Dubbed Gmobi by Dr. Web researchers, the malware comes in the form of a software development kit (SDK), and has been found in several legitimate applications by well-known companies, as well as in firmware for nearly 40 mobile devices.
“This Trojan (…) is designed as a specialized program package usually used either by mobile device manufacturers or by software developers to expand functionality of Android applications. In particular, this module is able to remotely update the operating system, collect information, display notifications (including advertising ones), and make mobile payments,” the researchers explained.
Gmobi collects the following information and sends it to the C&C server: user emails, device info, roaming availability status, GPS or mobile network coordinates, whether the Google Play app is installed on the device.
The operator of the server can send back commands which are mostly about which ads to show and where (in the status bar, in dialogs, on top of running apps, in webpages), but he or she can also instruct the malware to automatically download and install APK files using a standard system dialog.
This download and installation is executed covertly if the Trojan has the necessary privileges to allow this.

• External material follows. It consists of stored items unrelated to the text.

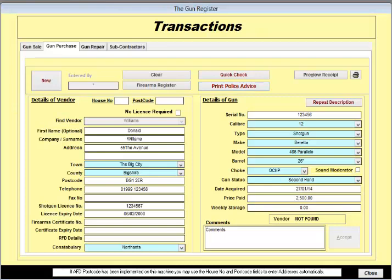There are some other features of this screen that I should cover. If you've purchased the Royal Mail Postcode software, addresses can be filled in by entering the postcode and house code and house number.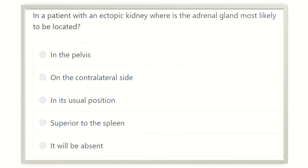Hello everyone, welcome to another video for the MRCS exam. It is the question solve session, and question solving is one of the best ways to prepare yourself for the MRCS exam. First of all, read the question very carefully: in a patient with ectopic kidney, where is the adrenal gland most likely to be located?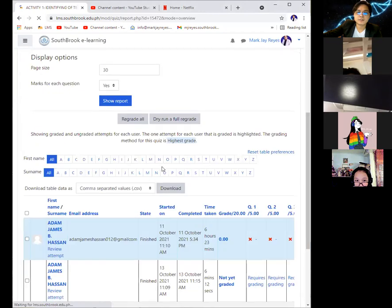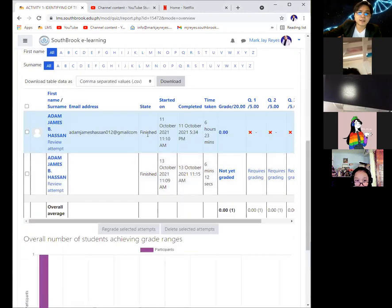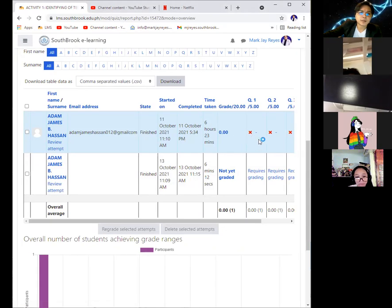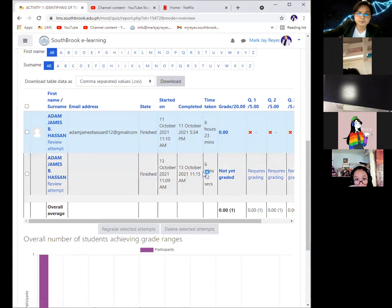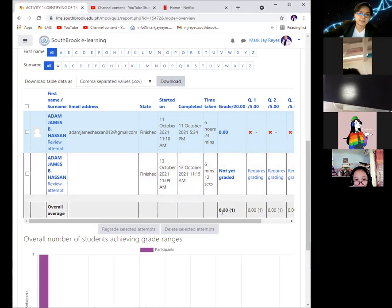Adam submitted it the last time, but with no answer. But he attempted again as of the moment, October 13, and submitted answers.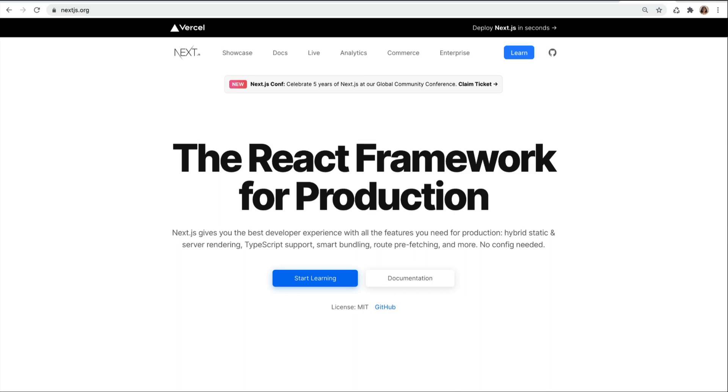In React, you always render content on the client. There is no server. But with Next.js, you can choose to do that on the client, on the server, or a mix of both. You can choose to render on client in your browser on one page, whereas choose to do something else on the server on another page.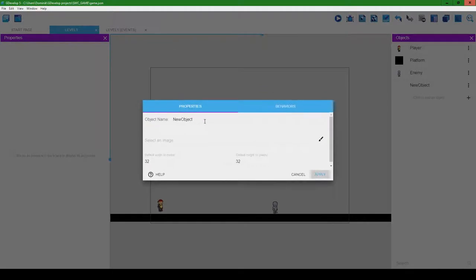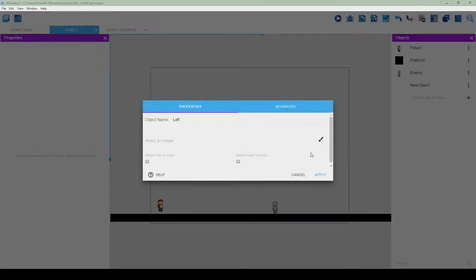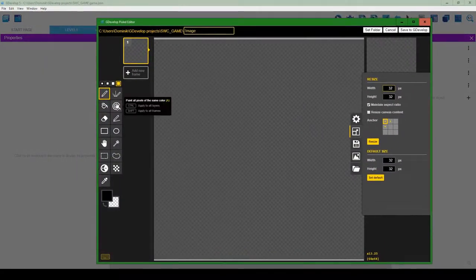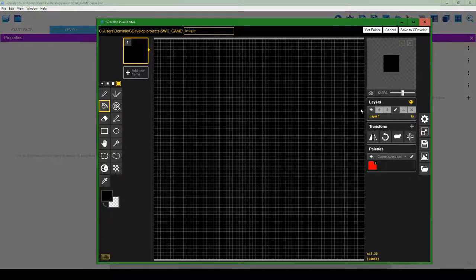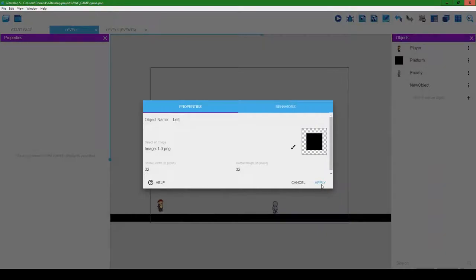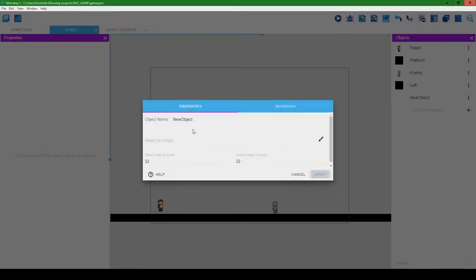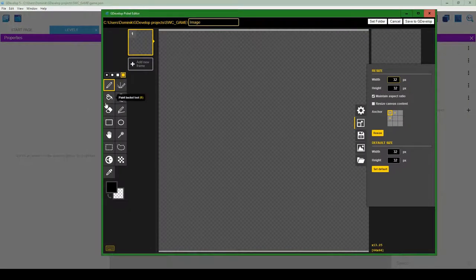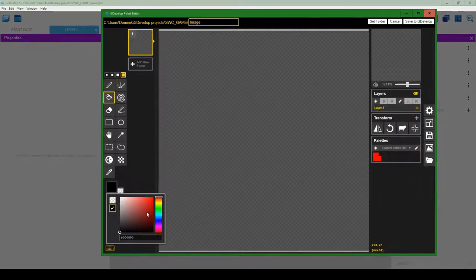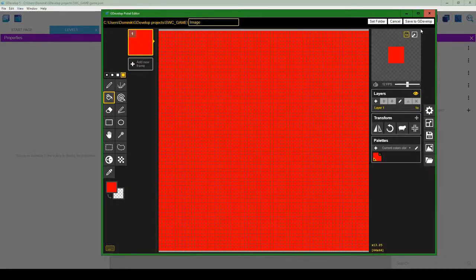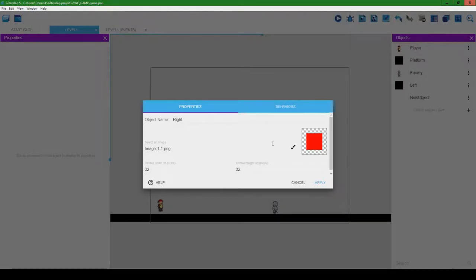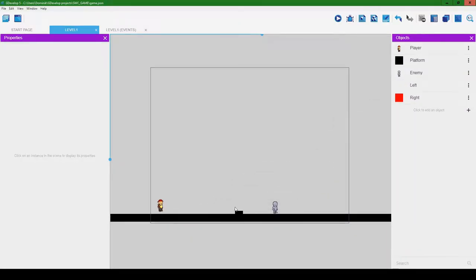Now let's create objects using a simple technique done in many comparable online tutorials: we'll have the enemy moving between two invisible blocks. We'll call one block 'left' and hit the 'edit with pixel' button and paint it all black, since it'll be invisible in the end. Save it, hit apply. Then do the same for the other one — call it 'right', paint it a different color for distinction when editing.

It does so by using the DownloadManager system service – prepared links are added to the user’s download queue.
The malware can also launch an app that has been previously installed by the user.
Gmobi has been found in Trend Micro’s Dr. Safety and Dr. Booster apps, the ASUS WebStorage apps, and in the system software for Micromax AQ5001 firmware update.
The researchers notified all of those companies about their discovery, and Trend Micro has already pushed out new versions of the aforementioned apps without the adware. In their case, the Trojan “only” collected information from the device and sent it to a remote server – it didn’t show ads or compromise firmware.
“If your device’s firmware is infected by this Trojan, the malware cannot be removed by the anti-virus without root privileges,” the researchers noted.
“However, even if root privileges are gained, there is a high risk of making the device non-operational because the Trojan can be incorporated into some critical system application. Therefore, the safest solution for victims of Android.Gmobi.1 is to contact the manufacturer of the device and ask them to release a firmware update without the Trojan.”